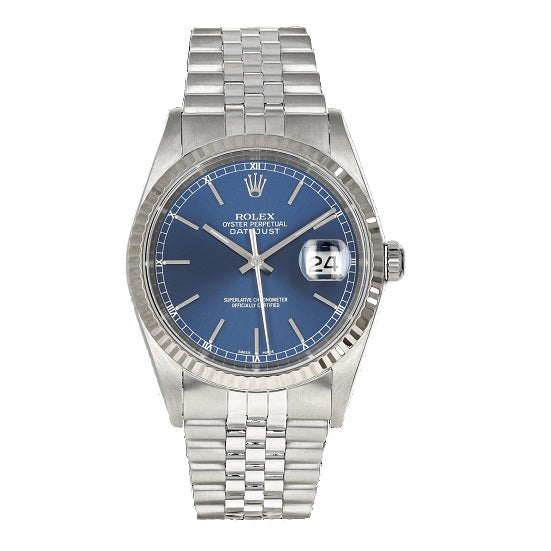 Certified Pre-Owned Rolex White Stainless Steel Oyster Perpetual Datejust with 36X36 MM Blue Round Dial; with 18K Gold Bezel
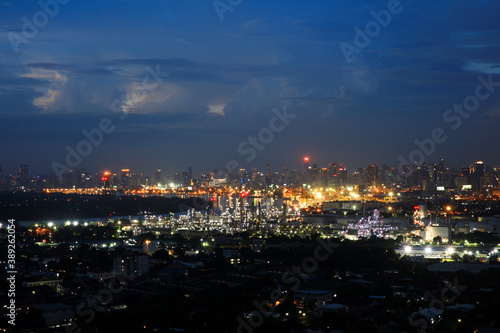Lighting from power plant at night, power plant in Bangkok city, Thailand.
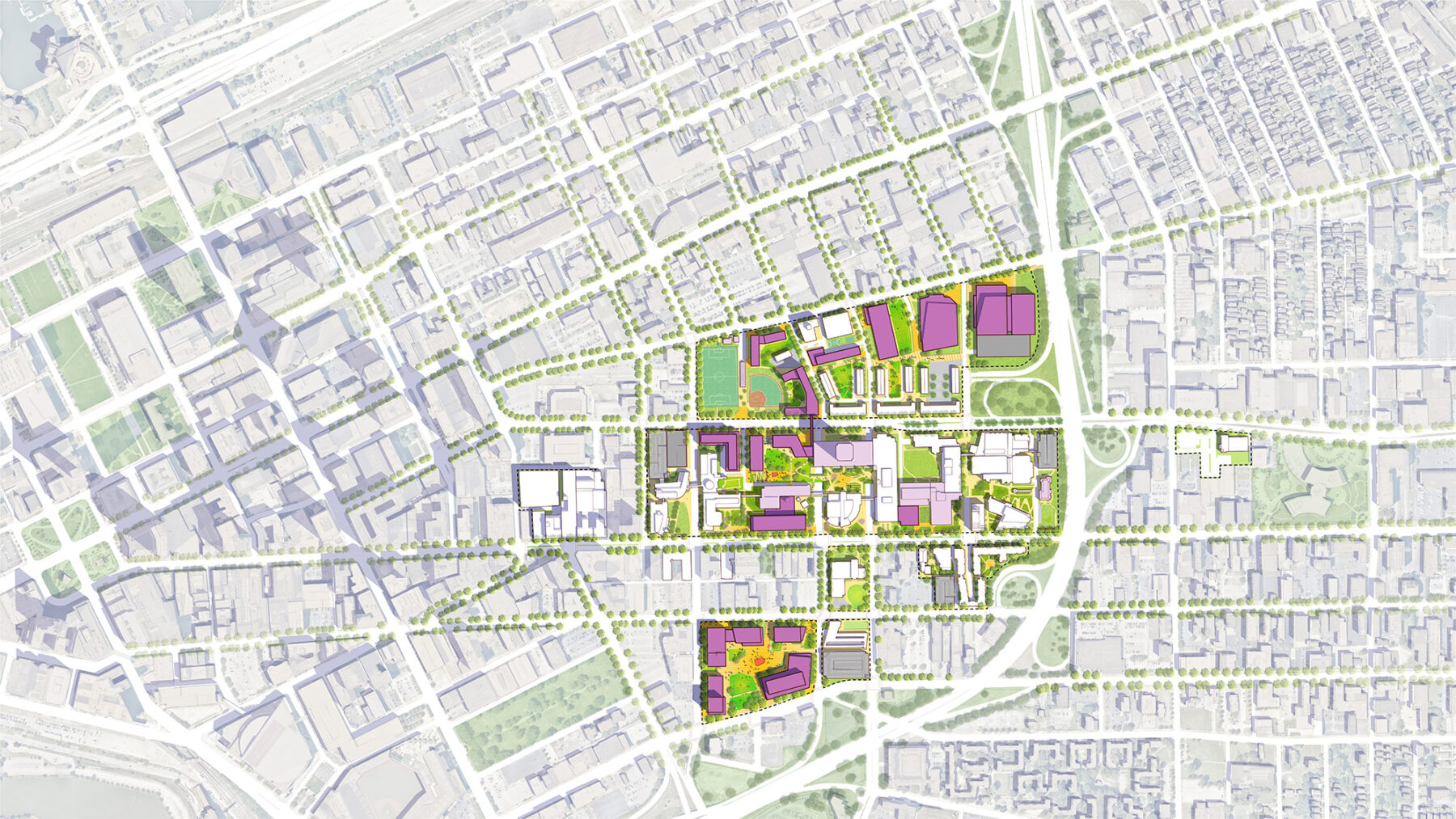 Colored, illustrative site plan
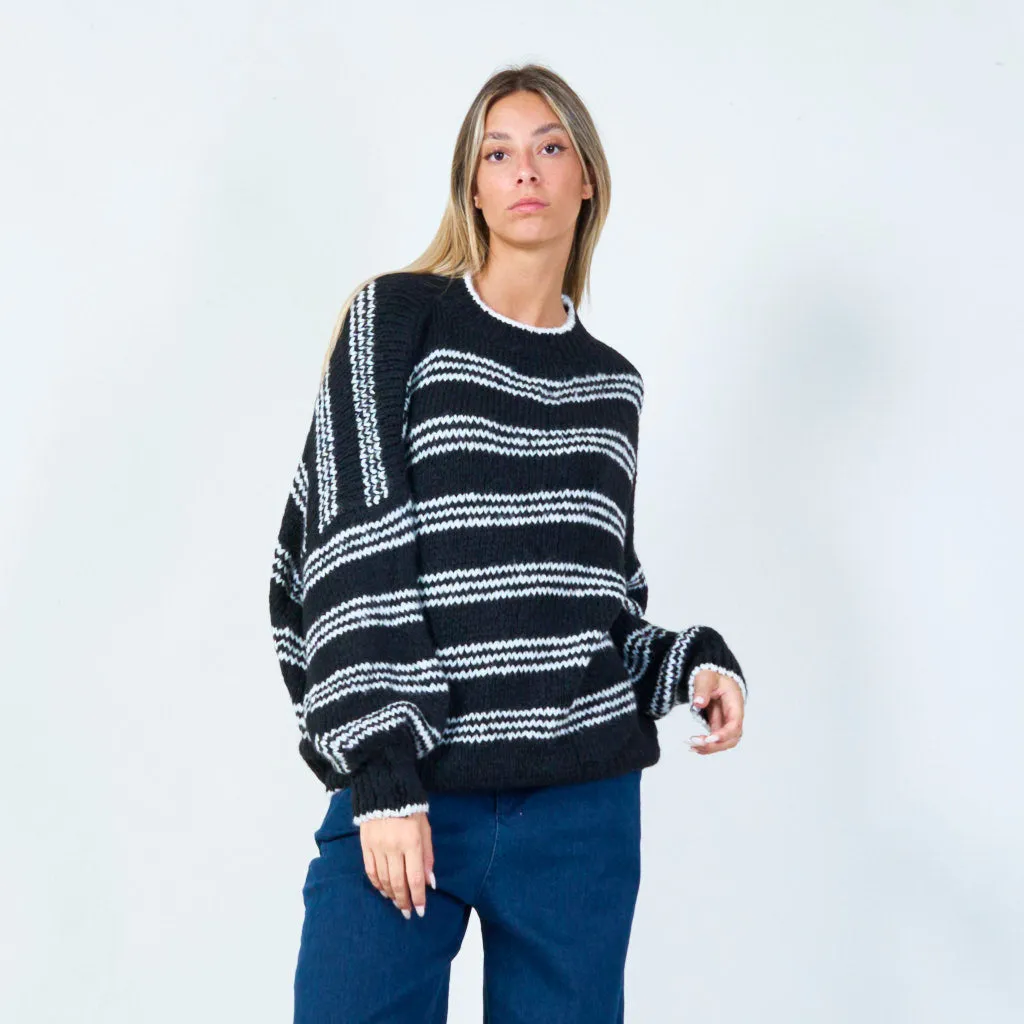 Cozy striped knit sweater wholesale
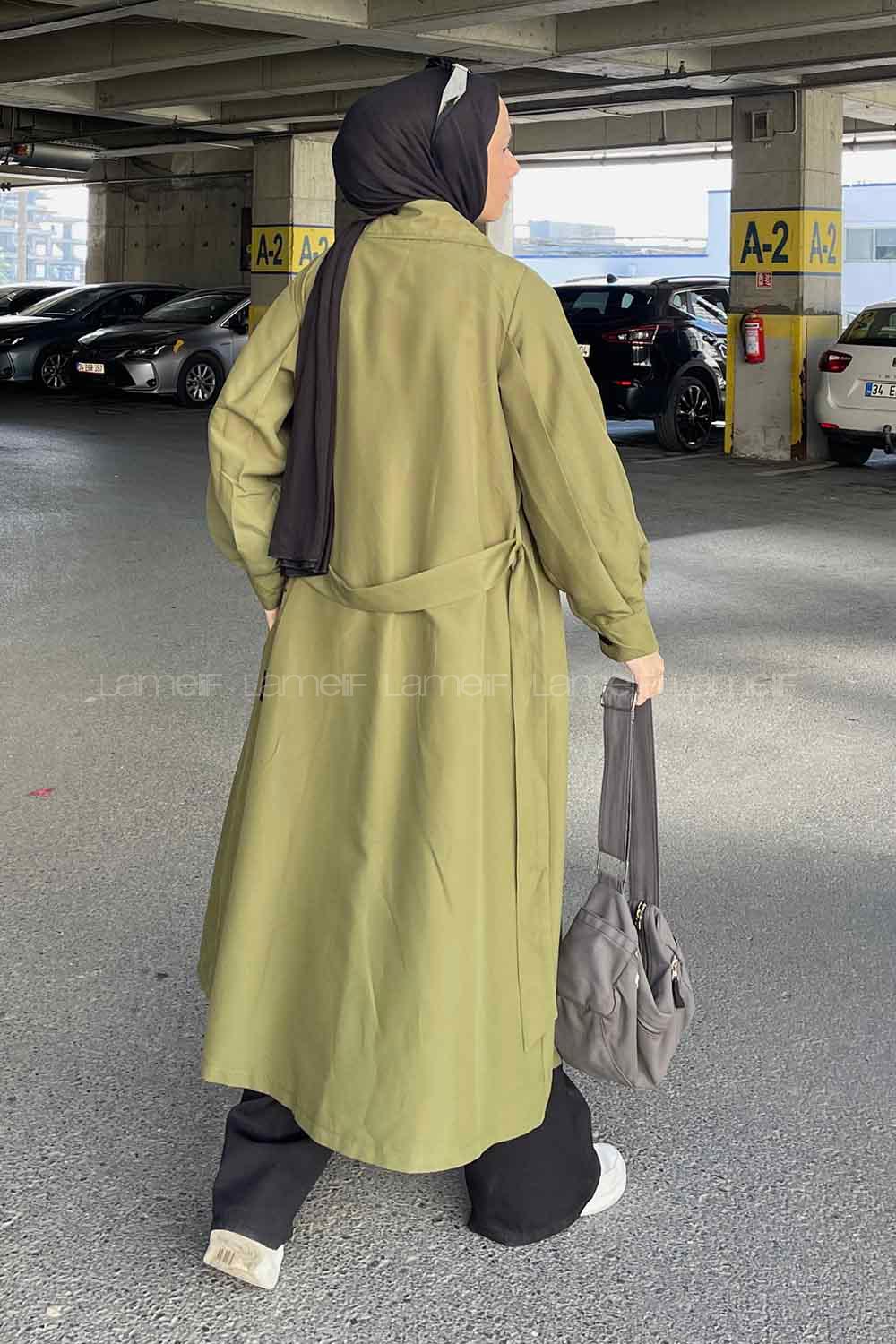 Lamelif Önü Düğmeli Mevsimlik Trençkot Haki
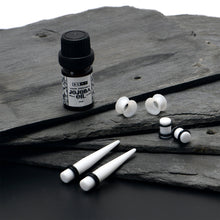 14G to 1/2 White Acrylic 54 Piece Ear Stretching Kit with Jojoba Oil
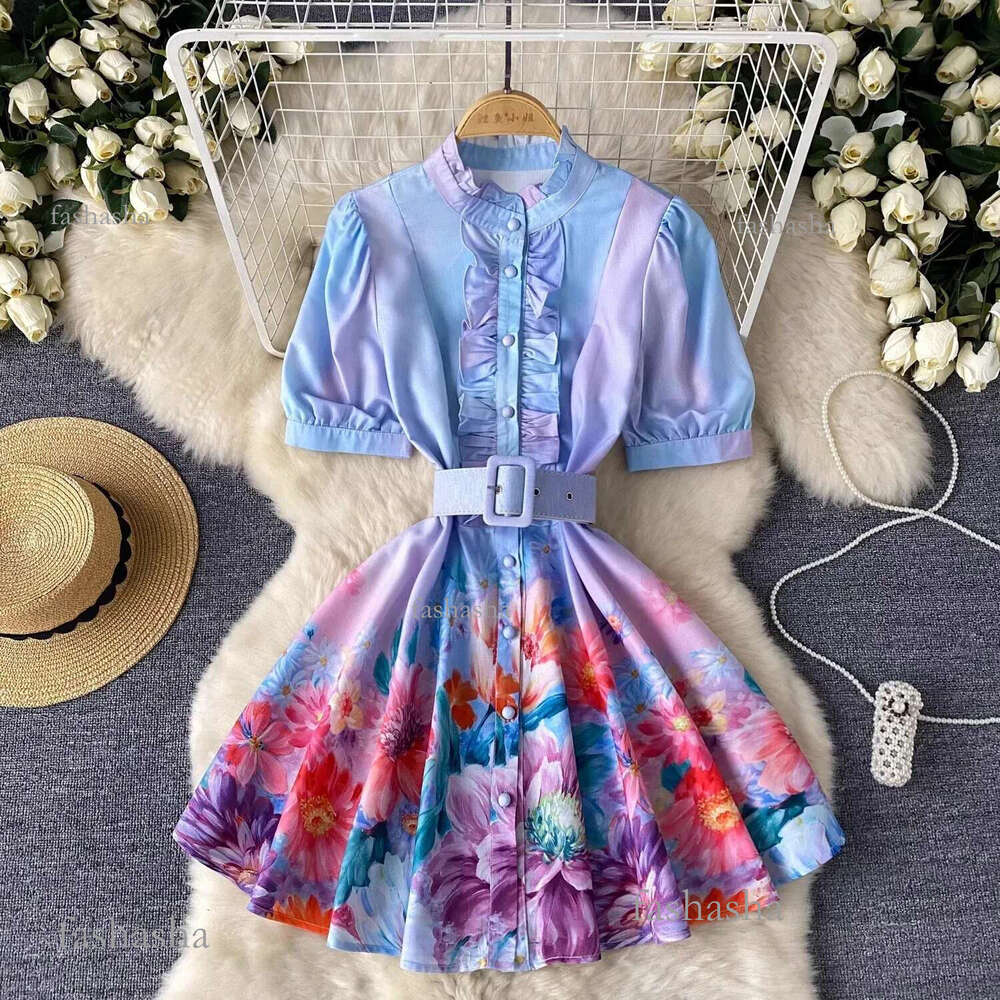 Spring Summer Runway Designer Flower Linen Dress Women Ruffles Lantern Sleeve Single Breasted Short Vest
· · · · · · ·
__THE TASK__
The pictures in the entries should be left out; output everything else exactly.

__ANSWER SECTION__
 Certified Pre-Owned Rolex White Stainless Steel Oyster Perpetual Datejust with 36X36 MM Blue Round Dial; with 18K Gold Bezel
Lighting from power plant at night, power plant in Bangkok city, Thailand.
 Colored, illustrative site plan
 Cozy striped knit sweater wholesale
 Lamelif Önü Düğmeli Mevsimlik Trençkot Haki
 14G to 1/2 White Acrylic 54 Piece Ear Stretching Kit with Jojoba Oil
 Spring Summer Runway Designer Flower Linen Dress Women Ruffles Lantern Sleeve Single Breasted Short Vest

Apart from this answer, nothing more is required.